Every medical man, before presenting himself to give evidence in a case of suspected poisoning, should make himself thoroughly acquainted with recent researches on the subject. Ptomaines are, for the most part, alkaloids generated during the process of putrefaction, and they closely resemble many of the vegetable alkaloids—veratrine, morphine, and codeine, for example—not only in chemical characters, but in physiological properties. They are probably allied to neurine, an alkaloid obtained from the brain and also from the bile. Some of them are analogous in action to muscarine, the active principle of the fly fungus. Some are proteids, albumins, and globulins. Ptomaines may be produced abundantly in animal substances which, after exposure under insanitary conditions, have been excluded from the air. Ptomaines or toxalbumins are sometimes found in potted meats and sausages, and are due to organisms—the Bacillus botulinus, the B. enteritidis of [151] Gärtner, the B. proteus vulgaris, or the B. ærtrycke (which is perhaps the most common of all). The symptoms produced by the latter are usually vomiting, abdominal pain, pains in the limbs and cramps, diarrhœa, vertigo, coldness, faintness, and collapse. The symptoms of botulism are dryness of skin and mucous membranes, dilatation of pupils, paralysis of muscles, diplopia, etc.
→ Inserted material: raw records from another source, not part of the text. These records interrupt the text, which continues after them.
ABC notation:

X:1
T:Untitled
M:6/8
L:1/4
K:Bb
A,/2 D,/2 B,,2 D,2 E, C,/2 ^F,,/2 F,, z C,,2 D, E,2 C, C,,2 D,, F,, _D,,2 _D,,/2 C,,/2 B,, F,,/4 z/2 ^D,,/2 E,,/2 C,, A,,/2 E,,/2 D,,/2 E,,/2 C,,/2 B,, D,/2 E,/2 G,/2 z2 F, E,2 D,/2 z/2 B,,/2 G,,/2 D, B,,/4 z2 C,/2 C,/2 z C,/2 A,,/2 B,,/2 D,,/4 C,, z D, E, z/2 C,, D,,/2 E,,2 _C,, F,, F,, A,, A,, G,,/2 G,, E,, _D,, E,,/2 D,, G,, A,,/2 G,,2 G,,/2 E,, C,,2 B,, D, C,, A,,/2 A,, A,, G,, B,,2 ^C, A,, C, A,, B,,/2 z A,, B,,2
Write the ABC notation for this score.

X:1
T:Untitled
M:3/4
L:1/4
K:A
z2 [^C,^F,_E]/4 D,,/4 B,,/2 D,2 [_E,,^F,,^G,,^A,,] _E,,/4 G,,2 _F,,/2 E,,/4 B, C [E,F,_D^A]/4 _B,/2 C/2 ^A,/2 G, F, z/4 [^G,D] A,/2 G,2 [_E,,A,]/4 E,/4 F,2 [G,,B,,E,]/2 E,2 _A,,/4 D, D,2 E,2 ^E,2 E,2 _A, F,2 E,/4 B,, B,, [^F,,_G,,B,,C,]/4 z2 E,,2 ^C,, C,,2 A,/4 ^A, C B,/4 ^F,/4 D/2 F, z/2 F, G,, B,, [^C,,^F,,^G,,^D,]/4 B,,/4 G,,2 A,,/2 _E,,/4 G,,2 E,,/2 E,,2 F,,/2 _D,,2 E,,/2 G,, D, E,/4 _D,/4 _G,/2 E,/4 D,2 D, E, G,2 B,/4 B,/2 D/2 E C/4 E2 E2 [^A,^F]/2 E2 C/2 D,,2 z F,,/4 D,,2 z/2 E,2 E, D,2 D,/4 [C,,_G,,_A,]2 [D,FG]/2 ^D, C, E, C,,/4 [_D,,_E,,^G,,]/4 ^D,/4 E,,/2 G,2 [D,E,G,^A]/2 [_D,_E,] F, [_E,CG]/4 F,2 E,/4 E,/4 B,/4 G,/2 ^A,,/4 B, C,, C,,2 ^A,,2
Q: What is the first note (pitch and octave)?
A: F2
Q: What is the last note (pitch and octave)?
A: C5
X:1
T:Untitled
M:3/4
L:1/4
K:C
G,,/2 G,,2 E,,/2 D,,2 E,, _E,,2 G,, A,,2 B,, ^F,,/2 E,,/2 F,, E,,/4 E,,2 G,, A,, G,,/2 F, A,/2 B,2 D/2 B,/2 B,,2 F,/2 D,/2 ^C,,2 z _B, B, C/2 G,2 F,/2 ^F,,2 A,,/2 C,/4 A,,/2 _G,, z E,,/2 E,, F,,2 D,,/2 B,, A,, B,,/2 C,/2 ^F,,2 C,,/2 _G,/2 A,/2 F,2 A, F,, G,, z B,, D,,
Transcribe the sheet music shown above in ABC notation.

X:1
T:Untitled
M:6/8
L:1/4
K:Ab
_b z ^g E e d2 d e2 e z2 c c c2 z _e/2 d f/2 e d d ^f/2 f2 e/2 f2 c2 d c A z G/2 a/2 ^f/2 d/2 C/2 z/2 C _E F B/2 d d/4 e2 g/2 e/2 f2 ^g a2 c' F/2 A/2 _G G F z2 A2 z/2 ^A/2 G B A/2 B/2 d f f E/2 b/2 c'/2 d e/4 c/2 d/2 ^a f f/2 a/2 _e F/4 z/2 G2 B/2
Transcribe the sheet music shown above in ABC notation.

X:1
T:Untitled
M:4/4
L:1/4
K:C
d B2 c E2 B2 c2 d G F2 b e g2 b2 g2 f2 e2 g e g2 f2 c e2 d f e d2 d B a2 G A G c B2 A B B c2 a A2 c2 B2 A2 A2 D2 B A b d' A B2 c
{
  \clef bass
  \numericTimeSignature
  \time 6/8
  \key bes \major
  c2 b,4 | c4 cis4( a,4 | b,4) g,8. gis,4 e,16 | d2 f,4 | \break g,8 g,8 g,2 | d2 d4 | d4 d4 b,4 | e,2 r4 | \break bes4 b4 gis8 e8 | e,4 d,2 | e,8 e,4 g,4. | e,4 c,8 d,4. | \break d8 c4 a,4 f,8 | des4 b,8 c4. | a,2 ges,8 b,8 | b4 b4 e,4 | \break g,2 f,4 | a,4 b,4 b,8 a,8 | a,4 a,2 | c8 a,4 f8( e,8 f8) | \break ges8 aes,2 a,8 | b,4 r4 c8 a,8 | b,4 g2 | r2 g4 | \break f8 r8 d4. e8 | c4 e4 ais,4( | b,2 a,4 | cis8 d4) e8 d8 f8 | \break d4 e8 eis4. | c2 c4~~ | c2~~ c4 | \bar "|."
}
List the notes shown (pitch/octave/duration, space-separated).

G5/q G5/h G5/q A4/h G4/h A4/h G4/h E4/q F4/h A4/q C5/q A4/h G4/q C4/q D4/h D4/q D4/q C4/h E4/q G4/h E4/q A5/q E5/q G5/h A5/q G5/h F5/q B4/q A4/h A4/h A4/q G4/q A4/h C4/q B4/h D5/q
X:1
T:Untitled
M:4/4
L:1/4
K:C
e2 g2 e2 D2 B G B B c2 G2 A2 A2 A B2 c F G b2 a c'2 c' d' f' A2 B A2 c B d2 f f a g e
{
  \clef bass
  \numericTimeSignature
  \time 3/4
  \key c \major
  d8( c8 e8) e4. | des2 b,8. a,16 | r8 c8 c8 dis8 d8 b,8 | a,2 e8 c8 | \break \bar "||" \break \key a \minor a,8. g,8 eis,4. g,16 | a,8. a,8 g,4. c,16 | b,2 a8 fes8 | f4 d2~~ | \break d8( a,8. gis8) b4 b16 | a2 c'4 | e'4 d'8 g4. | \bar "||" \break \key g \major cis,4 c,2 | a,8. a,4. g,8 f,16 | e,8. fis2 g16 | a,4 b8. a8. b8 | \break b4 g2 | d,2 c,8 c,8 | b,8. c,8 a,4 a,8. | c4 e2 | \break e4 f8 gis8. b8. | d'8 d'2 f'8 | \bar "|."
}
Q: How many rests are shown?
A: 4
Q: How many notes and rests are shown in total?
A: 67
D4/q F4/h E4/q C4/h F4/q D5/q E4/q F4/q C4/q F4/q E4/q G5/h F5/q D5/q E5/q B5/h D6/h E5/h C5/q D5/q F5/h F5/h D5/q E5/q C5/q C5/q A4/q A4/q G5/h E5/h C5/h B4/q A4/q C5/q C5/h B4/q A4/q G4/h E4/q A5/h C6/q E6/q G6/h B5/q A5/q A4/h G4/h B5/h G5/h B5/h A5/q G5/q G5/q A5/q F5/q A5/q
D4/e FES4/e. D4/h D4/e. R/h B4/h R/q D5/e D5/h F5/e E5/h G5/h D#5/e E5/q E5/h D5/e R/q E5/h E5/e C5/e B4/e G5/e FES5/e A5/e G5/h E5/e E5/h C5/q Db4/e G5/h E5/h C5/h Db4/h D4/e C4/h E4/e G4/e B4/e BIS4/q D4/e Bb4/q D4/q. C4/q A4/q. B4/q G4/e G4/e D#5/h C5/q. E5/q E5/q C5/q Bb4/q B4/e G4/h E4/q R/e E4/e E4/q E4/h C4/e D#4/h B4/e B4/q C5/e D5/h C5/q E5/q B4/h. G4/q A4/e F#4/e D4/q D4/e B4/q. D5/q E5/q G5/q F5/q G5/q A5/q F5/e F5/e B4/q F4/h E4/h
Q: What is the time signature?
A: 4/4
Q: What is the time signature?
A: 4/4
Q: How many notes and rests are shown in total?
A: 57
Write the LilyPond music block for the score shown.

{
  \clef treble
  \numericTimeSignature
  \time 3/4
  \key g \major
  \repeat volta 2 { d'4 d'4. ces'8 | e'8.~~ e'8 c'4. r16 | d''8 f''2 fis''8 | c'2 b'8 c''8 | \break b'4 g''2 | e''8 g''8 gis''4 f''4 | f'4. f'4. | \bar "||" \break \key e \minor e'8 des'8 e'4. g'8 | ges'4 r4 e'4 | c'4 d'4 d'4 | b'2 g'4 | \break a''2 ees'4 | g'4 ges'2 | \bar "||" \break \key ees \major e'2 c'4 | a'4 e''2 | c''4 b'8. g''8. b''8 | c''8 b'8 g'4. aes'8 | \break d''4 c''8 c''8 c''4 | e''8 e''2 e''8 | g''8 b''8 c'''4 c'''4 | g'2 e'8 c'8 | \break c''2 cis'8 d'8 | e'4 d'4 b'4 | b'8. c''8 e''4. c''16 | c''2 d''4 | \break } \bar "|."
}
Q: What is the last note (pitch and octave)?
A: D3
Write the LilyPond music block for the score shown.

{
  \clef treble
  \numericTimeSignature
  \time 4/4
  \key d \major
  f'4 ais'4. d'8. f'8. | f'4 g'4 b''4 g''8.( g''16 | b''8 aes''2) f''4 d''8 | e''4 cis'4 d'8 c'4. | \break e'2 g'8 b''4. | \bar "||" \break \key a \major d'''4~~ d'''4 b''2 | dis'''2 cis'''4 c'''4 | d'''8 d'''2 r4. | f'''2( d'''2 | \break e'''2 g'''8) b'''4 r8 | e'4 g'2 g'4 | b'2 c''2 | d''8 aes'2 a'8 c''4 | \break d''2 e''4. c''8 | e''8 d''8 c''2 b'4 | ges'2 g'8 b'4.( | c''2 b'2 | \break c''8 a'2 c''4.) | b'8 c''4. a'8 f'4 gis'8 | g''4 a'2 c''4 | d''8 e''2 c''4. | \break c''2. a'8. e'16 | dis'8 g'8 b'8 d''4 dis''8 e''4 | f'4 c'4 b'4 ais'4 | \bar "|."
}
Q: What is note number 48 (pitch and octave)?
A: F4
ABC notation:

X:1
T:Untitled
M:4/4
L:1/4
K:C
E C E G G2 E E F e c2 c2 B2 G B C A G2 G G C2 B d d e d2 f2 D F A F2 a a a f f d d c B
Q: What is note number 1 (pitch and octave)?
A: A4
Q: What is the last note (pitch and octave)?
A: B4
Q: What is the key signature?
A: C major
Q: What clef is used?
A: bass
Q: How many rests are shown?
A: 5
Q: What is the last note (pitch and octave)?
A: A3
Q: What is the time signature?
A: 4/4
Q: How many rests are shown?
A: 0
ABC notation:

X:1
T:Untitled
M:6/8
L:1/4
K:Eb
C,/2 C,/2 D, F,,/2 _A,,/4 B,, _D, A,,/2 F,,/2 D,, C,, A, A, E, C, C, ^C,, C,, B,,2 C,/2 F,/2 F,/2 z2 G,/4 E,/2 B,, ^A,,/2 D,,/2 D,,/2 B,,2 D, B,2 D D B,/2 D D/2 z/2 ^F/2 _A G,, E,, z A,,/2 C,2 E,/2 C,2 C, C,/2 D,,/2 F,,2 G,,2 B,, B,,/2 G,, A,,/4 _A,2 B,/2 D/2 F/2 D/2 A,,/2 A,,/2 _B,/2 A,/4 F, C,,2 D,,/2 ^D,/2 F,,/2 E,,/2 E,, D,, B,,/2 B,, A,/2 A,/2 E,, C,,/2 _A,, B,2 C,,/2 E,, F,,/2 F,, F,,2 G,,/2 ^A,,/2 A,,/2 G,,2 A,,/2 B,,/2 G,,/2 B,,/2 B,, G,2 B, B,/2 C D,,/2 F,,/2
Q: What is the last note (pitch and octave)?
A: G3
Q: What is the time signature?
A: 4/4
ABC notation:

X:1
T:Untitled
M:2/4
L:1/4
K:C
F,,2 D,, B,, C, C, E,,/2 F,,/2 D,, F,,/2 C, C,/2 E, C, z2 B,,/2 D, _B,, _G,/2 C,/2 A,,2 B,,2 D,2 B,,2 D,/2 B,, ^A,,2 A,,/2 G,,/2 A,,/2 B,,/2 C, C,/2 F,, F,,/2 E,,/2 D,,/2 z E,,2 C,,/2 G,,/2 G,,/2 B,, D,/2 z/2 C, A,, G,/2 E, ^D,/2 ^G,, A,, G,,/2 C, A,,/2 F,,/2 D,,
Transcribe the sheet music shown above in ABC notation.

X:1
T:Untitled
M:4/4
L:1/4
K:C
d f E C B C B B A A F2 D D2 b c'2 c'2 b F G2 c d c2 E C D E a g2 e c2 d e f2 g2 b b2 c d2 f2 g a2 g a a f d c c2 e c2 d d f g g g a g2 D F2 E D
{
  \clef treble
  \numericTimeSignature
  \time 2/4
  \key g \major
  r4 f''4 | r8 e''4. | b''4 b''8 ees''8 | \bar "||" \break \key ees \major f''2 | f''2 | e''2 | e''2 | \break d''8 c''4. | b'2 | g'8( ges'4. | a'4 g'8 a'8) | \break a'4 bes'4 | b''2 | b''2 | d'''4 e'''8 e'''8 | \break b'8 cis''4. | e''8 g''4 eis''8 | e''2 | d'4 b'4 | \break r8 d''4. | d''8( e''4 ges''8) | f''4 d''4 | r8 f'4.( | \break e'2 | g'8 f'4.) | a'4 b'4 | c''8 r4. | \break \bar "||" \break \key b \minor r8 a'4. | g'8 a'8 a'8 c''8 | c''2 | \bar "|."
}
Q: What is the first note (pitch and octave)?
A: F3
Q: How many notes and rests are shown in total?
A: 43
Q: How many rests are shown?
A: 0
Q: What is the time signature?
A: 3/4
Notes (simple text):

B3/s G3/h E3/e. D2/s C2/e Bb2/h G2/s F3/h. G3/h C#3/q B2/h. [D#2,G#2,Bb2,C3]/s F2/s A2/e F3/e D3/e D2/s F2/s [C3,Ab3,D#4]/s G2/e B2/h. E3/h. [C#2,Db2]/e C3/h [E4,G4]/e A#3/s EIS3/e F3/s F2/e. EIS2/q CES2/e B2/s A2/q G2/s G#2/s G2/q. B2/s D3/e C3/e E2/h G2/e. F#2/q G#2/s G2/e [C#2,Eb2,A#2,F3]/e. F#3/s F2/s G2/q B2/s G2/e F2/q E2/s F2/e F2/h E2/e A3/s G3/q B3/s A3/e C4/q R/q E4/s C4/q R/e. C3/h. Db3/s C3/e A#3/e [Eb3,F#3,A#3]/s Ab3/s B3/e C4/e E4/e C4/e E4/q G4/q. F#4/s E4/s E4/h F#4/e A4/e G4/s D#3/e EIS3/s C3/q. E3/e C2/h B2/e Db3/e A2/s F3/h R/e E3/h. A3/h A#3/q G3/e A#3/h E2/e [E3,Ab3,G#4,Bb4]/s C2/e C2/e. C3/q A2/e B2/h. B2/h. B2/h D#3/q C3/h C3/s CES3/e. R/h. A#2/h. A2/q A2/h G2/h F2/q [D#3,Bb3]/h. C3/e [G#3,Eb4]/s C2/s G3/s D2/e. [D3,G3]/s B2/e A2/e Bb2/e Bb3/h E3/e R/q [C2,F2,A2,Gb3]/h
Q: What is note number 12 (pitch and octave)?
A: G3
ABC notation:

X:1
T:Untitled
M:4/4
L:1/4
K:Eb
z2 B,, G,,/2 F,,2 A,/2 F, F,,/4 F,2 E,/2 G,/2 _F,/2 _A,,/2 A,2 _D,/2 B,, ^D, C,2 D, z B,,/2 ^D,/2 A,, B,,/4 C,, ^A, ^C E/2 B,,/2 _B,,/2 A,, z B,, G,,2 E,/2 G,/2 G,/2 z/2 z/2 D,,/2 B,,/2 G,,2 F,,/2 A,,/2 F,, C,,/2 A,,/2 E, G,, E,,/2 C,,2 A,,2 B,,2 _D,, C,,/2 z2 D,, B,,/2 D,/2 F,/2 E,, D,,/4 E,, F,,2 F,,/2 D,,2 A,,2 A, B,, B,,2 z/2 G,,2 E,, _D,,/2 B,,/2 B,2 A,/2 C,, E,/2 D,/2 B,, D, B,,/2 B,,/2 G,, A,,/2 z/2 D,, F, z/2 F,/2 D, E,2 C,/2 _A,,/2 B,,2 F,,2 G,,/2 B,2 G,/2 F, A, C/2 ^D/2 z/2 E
Articles of food most often associated with poisoning are pork, ham, bacon, veal, baked meat-pie, milk, cheese, mussels, tinned meats.
In a case of suspected poisoning, counsel for the defence, if he knows his work, will probably cross-examine the medical expert on this subject, and endeavour to elicit an admission that the reactions which have been attributed to a poison may possibly be accounted for on the theory of the formation of a ptomaine. There is practically no counter-move to this form of attack.